Whipworms are intestinal parasites which are about 1/4 inch (6 mm) long. They live in the cecum and colon of dogs where they cause severe irritation to the lining of those organs. This results in watery, bloody diarrhea, weight loss, and general debilitation. They are one of the most pathogenic worms found in dogs .
How did my dog get whipworms?
Whipworms pass microscopic eggs in the stool. The eggs are very resistant to drying and heat, so they can remain viable in the dog’s environment for years. They mature and are able to reinfect the dog in 10-60 days. The eggs are swallowed and return to the lower intestinal tract to complete the life cycle.
How is whipworm infection diagnosed?
Whipworms are diagnosed by finding eggs with a microscopic examination of the stool. However, multiple samples are often required because these parasites pass small numbers of eggs on an irregular basis. Any dog with chronic diarrhea can be reasonably suspected to have whipworms, regardless of several negative stool examinations. It is an accepted practice to treat for whipworms based on assumption of infection. Response to treatment is an indication that whipworms were present but could not be detected on fecal examination.
How are whipworms treated?
Where are several drugs that are very effective against whipworms.

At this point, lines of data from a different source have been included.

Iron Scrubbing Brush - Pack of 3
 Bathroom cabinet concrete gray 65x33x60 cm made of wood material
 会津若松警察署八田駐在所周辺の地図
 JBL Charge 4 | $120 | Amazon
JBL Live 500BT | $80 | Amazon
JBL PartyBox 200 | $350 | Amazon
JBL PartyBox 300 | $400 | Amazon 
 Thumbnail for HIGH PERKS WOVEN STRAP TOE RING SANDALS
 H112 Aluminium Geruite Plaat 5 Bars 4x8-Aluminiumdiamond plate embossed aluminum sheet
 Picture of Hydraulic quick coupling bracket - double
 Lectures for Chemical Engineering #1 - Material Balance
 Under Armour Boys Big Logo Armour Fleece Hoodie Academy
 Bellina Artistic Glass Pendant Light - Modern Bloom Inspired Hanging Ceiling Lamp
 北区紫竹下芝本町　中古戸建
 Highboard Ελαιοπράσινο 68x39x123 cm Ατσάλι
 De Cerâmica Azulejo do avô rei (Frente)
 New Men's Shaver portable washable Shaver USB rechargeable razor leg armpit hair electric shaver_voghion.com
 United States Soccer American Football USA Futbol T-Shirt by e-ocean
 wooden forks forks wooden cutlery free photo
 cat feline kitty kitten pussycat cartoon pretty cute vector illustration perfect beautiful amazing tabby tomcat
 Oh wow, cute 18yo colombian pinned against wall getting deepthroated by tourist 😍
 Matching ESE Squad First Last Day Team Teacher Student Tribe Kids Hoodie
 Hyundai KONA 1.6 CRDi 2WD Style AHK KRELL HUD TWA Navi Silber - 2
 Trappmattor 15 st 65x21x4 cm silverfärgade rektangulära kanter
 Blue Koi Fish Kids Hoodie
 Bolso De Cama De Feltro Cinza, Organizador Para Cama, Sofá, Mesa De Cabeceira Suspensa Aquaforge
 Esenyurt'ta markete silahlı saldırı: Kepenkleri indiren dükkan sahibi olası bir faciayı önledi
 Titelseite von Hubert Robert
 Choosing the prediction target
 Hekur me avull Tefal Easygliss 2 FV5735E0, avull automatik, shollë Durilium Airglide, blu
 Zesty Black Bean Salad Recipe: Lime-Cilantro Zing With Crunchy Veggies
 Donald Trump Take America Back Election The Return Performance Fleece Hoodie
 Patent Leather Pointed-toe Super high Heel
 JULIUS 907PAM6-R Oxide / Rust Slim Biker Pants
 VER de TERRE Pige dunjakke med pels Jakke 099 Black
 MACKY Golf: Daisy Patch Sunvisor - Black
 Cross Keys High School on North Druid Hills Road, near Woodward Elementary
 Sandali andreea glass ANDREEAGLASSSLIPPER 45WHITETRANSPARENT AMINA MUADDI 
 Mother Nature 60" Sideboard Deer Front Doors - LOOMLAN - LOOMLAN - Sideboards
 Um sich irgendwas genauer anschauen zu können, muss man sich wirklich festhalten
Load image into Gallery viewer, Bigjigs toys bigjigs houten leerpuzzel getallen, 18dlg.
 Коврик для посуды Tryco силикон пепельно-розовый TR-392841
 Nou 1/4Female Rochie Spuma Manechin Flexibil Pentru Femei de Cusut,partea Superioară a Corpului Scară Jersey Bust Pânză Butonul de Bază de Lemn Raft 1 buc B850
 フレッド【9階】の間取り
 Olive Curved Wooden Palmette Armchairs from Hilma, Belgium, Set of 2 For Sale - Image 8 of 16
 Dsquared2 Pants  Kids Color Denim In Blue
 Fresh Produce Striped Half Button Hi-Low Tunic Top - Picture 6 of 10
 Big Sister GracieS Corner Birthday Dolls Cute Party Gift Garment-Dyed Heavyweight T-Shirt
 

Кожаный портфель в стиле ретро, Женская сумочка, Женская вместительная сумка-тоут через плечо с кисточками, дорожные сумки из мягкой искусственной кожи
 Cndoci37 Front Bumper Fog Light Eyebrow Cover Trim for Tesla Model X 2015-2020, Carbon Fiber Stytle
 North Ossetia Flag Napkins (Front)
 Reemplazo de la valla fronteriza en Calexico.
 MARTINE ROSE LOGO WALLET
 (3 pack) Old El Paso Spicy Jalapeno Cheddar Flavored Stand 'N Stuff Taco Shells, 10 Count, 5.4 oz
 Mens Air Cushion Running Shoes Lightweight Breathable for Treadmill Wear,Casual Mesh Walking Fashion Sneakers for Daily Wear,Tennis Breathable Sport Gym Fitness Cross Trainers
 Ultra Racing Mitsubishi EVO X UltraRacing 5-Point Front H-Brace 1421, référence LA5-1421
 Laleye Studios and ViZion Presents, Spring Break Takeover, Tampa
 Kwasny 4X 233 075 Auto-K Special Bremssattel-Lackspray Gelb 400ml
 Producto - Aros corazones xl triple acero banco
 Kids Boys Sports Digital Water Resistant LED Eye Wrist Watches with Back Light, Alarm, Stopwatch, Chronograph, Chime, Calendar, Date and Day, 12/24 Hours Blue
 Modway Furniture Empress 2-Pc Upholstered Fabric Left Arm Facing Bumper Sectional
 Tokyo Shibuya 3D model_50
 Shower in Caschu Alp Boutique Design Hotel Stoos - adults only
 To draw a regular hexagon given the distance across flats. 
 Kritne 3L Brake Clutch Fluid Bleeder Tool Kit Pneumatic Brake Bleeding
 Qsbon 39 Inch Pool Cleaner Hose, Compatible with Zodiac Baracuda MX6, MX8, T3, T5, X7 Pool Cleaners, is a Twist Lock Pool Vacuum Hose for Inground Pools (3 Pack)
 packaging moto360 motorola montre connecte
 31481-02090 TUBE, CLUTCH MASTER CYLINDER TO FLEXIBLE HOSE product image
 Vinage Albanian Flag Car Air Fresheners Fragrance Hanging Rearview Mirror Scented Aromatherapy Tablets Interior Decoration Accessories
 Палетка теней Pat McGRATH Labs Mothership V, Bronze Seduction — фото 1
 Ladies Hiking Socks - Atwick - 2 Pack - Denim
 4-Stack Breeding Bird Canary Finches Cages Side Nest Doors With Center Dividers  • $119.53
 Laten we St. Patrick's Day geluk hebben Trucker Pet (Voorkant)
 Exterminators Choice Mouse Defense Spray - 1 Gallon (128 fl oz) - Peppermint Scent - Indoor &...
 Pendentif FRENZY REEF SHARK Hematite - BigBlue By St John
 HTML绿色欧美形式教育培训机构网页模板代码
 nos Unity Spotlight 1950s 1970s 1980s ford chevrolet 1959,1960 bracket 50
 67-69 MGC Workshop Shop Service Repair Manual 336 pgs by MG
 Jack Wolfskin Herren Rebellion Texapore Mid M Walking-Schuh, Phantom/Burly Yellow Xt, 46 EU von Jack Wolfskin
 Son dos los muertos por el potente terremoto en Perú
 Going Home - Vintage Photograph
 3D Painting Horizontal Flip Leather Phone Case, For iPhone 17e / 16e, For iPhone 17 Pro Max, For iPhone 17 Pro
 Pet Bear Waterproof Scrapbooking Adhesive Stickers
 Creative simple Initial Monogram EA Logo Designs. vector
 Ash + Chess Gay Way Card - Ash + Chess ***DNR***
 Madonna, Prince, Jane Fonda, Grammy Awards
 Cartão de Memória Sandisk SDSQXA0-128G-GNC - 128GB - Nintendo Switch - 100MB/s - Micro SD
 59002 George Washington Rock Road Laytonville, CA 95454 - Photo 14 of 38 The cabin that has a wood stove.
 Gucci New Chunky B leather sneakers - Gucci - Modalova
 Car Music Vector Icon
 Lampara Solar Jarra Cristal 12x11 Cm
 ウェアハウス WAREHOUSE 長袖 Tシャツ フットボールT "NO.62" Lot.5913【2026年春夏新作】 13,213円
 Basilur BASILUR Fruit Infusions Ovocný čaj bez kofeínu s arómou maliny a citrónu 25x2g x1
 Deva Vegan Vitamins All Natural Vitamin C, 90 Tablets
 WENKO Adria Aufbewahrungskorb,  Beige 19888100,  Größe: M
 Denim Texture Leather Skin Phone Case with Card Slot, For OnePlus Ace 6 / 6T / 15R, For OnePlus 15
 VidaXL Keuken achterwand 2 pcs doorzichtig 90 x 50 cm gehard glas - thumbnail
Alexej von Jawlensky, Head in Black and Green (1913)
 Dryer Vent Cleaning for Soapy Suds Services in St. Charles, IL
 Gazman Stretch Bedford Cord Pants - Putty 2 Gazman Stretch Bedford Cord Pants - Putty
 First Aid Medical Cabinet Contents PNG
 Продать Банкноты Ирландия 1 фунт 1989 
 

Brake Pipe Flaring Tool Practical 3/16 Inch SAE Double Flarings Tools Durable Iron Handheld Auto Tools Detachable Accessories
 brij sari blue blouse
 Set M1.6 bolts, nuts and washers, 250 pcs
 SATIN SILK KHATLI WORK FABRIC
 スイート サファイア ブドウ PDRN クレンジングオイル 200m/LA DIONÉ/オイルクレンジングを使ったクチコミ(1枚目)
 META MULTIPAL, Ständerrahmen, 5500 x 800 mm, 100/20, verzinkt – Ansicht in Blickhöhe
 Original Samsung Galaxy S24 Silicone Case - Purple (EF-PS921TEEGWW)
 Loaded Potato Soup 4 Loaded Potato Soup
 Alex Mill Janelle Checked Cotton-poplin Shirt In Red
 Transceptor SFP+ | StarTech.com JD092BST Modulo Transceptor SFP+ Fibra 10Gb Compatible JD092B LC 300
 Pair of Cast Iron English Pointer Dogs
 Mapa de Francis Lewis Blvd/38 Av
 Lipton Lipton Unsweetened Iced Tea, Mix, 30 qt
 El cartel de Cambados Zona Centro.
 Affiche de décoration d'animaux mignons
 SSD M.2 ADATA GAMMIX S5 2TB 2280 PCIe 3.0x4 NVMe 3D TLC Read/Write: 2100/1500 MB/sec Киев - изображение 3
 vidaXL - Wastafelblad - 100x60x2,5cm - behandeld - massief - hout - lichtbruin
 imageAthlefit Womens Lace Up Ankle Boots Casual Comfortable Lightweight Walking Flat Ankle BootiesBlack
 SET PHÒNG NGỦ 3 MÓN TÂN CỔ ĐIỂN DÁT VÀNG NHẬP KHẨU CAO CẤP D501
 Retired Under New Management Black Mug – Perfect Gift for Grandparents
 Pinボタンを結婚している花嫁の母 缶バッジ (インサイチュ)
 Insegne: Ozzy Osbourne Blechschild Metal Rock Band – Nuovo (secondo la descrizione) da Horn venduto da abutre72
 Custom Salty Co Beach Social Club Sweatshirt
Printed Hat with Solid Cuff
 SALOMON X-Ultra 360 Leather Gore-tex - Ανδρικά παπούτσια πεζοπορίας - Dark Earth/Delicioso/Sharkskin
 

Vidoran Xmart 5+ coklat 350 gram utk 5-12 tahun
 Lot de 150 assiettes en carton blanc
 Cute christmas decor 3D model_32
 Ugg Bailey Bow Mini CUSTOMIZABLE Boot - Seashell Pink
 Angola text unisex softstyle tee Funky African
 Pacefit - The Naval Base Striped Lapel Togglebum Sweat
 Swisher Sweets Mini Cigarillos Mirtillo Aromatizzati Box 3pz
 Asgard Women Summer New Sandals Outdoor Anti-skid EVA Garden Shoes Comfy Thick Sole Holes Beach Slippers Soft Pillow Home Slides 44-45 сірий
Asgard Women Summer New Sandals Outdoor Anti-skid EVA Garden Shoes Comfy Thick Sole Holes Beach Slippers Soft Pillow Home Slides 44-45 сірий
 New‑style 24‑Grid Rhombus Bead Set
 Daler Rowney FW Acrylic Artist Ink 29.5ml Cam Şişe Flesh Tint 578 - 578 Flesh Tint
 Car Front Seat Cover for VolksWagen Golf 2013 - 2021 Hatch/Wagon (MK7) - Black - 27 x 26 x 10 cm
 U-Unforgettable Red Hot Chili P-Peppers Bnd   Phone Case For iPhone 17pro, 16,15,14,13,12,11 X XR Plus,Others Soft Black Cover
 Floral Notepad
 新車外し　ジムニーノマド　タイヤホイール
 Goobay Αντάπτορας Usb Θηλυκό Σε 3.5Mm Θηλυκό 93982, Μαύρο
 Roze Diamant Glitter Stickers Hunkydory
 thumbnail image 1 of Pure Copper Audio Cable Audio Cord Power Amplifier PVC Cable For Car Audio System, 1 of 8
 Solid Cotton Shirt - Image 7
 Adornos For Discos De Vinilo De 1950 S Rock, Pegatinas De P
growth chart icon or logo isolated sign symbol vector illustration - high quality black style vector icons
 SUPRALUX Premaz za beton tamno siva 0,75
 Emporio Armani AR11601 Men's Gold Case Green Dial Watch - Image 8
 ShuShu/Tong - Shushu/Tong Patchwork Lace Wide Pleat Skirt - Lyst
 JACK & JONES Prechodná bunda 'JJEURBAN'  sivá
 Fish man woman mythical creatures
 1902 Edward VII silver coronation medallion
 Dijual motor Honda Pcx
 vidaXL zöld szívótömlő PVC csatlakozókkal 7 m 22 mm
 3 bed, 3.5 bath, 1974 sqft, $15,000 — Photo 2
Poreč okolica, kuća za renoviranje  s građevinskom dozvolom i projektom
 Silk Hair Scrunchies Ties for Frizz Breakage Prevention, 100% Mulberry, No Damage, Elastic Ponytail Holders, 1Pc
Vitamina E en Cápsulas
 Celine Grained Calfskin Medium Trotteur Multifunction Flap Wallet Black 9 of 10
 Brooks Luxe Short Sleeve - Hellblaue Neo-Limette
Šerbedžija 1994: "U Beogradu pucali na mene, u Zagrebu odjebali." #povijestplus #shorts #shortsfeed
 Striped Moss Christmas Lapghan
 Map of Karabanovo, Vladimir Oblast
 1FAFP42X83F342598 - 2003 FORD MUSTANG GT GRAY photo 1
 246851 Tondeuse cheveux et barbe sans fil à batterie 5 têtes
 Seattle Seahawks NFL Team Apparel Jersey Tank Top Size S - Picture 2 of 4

Two treatments are needed at a 3-4 week interval, but because reinfection is such a problem, it is advisable to treat again every 3-4 months or to put the dog on a heartworm prevention product that contains an ingredient that prevents infection with whipworms. Whipworms are not nearly as common now because of widespread use of the types of heartworm prevention products.
Can I get whipworms from my dog?
No. Whipworms are not infectious to people; they are parasites of the dog.